「一般論でない何かをみつけるために旅をする」と前置きしながら。
料理教室もレシピも参考になるし大きなヒントにはなるのだけれど。どんなにイージーでもテイスティでも、けっきょく思い出したり見直したりするのさえできないズボラな性分。
おいしくなくても失敗しても、もしかしたら、たくさんの人と同じメニューや味を求めていないのかもしれない。料理にもわたし(またはウチらしさ)を求めていて、言いかえればイタリアの人たち寄りの考えを持つのかもしれない。この5年ほど毎年「旅する土鍋」でイタリアの各地方をまわっていると感じることがあって、文字や量のレシピが少なくてほとんど口頭。「これは我が家のオリジナルだから!」「我が家の味だから!」という見えないレシピがたくさんあるのです。

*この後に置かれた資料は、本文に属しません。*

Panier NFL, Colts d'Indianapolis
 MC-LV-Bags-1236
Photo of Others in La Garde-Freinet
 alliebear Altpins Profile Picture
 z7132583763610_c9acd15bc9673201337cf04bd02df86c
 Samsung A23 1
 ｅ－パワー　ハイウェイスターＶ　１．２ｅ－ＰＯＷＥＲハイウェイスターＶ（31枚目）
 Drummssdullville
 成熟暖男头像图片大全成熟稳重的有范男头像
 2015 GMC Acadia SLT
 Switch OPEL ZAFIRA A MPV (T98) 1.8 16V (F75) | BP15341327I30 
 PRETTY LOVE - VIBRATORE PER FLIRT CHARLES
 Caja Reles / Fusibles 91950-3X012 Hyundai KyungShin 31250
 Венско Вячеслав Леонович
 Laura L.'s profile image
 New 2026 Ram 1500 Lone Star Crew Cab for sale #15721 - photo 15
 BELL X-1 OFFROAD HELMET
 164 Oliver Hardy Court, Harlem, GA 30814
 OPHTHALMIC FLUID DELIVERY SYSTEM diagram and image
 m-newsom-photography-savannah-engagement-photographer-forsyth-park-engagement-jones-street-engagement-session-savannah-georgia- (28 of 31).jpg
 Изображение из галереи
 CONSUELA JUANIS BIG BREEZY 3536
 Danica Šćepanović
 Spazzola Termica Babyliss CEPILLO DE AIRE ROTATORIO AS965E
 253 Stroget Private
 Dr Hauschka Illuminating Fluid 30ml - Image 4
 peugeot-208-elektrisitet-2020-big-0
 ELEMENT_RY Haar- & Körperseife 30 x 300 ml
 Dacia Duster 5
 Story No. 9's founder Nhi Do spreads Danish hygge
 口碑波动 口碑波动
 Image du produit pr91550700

イタリアの家庭料理、郷土料理を紹介してもらったり(日本のそれを紹介したり)するのですが、とにかくその背景や自分の考えを伝承するべくしゃべるしゃべる。またその逆で、日本食についても質問や感想を言う言う。食材がなければ代用したり、どうにかなるさ!と料理がとにかく軽快。そのわりに鍋の質やサイズが変わるとできないかもしれないと保守的だったり、かわいらしさを醸し出す。たまにレシピがあっても結構テキトウだったり、大いに間違えていたり、欠損していたりする(笑)。それでも「ケ・サラサラ」。
彼らには“教えたいこと”でなく“伝えたいこと”があるからで、そこにはメジャーとマイナー、あるいは損得というものさしを持たない。マイナーという言葉にはネガティブなイメージがあるかもしれないけれど、料理に限らず“伝えたいこと”はマイナーでいいのかもしれない。
⇒次回「旅する土鍋 2018夏」2.それでも地球はまわる につづく
2018年もミラノの師匠アトリエ居候を拠点とし、師匠の海の家リグーリア州、マルケ州での土鍋料理ワークショップ、別の街では土鍋のグループ展、ボローニャ郊外、トスカーナ、そして去年につづきカラブリア州、プーリア州を予定しています。今年の変わり種は、ミラノから北に足を延ばしフランス人の友人が待つローザンヌへ20年ぶりの訪問予定です。